Specters haunt our political discourse. For decades, Republicans have tried to frame their Democrat opponents as the next Jimmy Carter. For a couple of generations, Democrats tried to paint every Republican as another Herbert Hoover. But as the voters who lived through those disastrous presidencies have died off, the tactic has lost its emotional connection to the electorate’s personal experiences and become less useful. My parents were in high school during the Hoover administration; I wasn’t born until after World War II. Their understanding of the early years of the Great Depression are personal; mine are second hand. Similarly, my son was born during the Reagan Administration, so he has no memories of Jimmy Carter as President.
Thus, it would seem that we should see the Republican’s running against Carter to peter out over the next few years just as the Democrats have given Hoover a rest.
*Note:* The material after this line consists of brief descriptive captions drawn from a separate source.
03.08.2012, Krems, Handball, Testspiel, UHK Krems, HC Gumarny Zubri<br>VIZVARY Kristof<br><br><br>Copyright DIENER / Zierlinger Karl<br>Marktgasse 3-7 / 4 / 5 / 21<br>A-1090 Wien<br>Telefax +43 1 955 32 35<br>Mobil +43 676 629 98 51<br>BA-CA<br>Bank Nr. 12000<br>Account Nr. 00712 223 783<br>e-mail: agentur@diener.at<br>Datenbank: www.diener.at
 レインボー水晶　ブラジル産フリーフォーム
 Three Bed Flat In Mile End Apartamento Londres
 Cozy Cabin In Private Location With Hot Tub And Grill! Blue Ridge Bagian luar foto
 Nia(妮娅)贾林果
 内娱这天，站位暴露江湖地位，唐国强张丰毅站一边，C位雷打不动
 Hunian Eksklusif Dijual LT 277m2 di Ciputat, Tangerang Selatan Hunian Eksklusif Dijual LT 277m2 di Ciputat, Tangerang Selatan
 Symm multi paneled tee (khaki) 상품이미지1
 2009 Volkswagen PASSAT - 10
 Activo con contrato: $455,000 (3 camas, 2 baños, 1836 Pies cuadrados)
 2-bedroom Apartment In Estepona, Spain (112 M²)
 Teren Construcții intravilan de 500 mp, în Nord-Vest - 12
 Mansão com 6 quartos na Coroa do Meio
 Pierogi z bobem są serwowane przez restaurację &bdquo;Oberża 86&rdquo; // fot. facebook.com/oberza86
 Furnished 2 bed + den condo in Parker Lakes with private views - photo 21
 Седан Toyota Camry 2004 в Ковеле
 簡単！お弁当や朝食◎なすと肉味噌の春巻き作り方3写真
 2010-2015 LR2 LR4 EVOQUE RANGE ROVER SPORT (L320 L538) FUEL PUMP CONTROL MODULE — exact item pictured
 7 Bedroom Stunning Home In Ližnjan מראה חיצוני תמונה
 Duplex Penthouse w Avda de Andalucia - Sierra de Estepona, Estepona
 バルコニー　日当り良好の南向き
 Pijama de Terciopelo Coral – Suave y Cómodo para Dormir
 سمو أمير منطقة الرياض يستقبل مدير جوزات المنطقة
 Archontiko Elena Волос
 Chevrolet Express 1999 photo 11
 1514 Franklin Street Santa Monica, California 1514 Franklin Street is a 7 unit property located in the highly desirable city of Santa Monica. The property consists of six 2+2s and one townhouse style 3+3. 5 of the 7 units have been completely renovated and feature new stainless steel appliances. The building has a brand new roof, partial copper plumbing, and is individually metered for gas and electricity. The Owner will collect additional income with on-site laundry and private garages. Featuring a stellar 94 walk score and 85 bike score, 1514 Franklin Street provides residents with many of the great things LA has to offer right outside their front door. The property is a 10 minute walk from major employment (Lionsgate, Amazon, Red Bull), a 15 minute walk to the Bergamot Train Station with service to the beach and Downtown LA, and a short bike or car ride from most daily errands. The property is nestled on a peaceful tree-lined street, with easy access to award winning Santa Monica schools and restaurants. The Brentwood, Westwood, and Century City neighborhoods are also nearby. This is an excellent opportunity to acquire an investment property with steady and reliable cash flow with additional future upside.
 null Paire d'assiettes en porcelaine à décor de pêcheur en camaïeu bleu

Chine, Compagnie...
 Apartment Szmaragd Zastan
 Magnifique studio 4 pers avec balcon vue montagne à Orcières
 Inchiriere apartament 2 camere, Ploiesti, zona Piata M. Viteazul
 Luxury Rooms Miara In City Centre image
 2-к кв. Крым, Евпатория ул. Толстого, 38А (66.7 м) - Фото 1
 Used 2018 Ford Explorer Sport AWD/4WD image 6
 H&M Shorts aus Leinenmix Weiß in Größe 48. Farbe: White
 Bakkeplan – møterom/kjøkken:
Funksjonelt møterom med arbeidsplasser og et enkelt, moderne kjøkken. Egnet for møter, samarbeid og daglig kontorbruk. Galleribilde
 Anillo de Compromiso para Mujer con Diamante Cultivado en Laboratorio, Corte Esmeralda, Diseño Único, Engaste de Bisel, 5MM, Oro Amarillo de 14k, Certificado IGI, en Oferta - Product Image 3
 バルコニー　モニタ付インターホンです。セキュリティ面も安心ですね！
Except that it appears that the Democrats are so desperate for something to run on that they’re bring back comparing their opposition to Hoover. Bret Stephens has a piece over at the New York Times called Herbert Hoover’s Ghost comparing President Trump’s tariff policies with the Smoot-Hawley disaster of the early 1930’s. Of course, the world economy is very different today than it was in 1930, so even if Trump’s policies are mistaken (and I think some are), his tariffs won’t cause world trade to contract by over 60 percent as happened almost 90 years ago. Indeed, the weak recovery from 2009 to 2017 was quite similar to the weak recovery from 1933 to 1941. Yet, Stephens predicts:
The darker echoes of the 1930s are sounding louder. The shadow of Hoover grows longer. We know how this movie ends.
If the recent past is prolog, I expect the movie’s script to end with a plot twist the says the Trump’s policies were the result of collusion with the Russians and fully outlined in the emails that were missing from the server in Hillary Clinton’s bathroom. I also expect that movie’s script will not reflect what happens in the Real World.